▶ YOUR OBJECTIVE
Reproduce the lines below exactly, from the one containing "A balcony with" through the one containing "Eine Frau liegt", both included. Leave out any pictures.

▶ RECORDS SHOWN
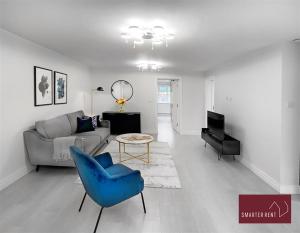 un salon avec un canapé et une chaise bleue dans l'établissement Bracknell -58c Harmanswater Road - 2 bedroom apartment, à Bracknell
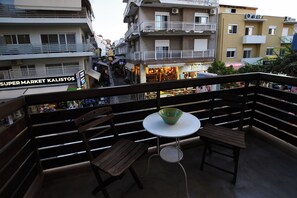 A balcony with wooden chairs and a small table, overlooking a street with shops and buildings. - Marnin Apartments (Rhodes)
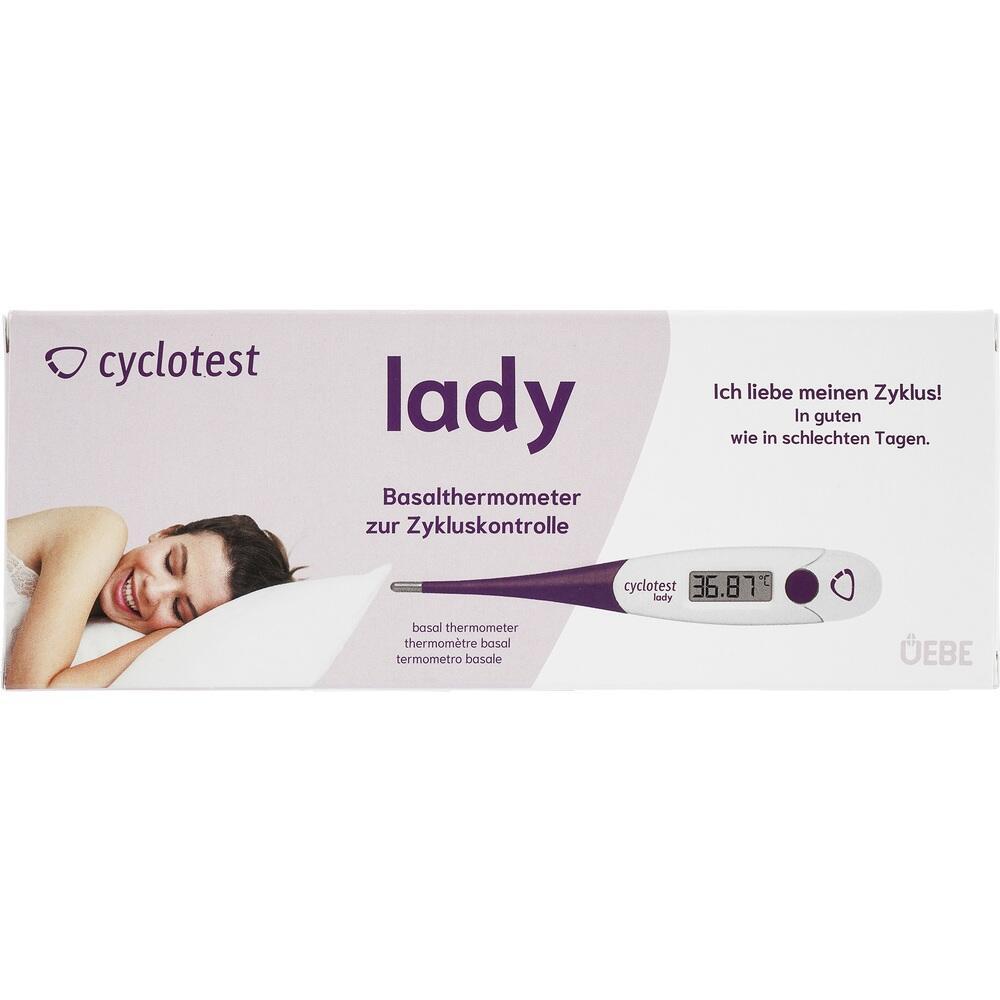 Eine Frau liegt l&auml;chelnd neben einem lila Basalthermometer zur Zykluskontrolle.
==
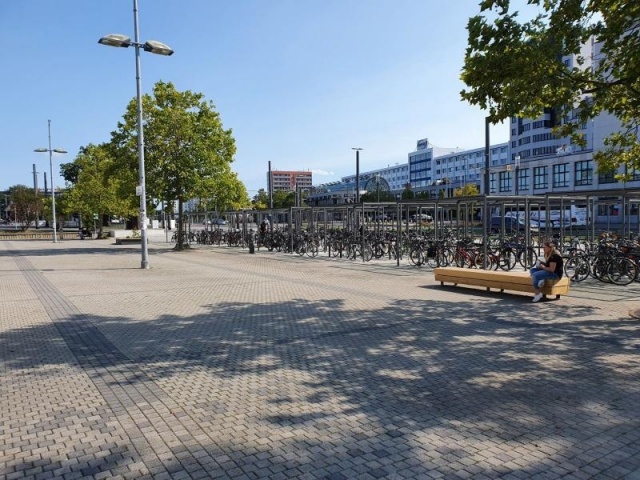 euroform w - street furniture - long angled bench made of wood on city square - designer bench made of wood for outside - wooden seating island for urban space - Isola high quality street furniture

▶ OUTPUT BELOW
 A balcony with wooden chairs and a small table, overlooking a street with shops and buildings. - Marnin Apartments (Rhodes)
 Eine Frau liegt l&auml;chelnd neben einem lila Basalthermometer zur Zykluskontrolle.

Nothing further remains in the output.